Obbligo di motivazione in caso di mancata formazione del silenzio

Un punto cruciale della sentenza riguarda i casi in cui il Comune ritiene che il silenzio-assenso non si sia formato (ad esempio per la presenza di vincoli ostativi o per incompletezza dell’istanza).

Anche in questa circostanza, l’amministrazione non può trincerarsi dietro il silenzio.

Il Consiglio di Stato ha stabilito che la PA deve rispondere spiegando analiticamente le ragioni del mancato accoglimento. Questo passaggio è vitale per il professionista: permette di conoscere ufficialmente le criticità sollevate dal Comune e di intervenire con una pratica di sanatoria, un’integrazione o, se le motivazioni sono ritenute illegittime, con un ricorso mirato.

L’inerzia, invece, toglie al tecnico il diritto alla difesa e blocca l’immobile in un limbo di incertezza distruttiva.

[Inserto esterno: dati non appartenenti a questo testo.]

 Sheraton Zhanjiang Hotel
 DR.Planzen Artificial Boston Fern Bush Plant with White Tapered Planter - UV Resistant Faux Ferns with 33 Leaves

Conclusioni: l’attestazione come requisito di sicurezza per il cantiere

La Sentenza n. 893/2026 non è solo un precedente giuridico, ma un invito a cambiare approccio nella gestione dei rapporti con la Pubblica Amministrazione.

Il silenzio-assenso non deve più essere subito come un’incognita, ma preteso come un diritto certificato.

Per il professionista che vuole distinguersi per competenza e sicurezza, l’utilizzo consapevole di questa giurisprudenza permette di trasformare una presunzione giuridica in un titolo edilizio solido, certo e inattaccabile.

In un’epoca di continui cambiamenti normativi, la capacità di esigere atti chiari e motivati dalla PA è la migliore garanzia che possiamo offrire ai nostri committenti e alla nostra stessa tutela professionale.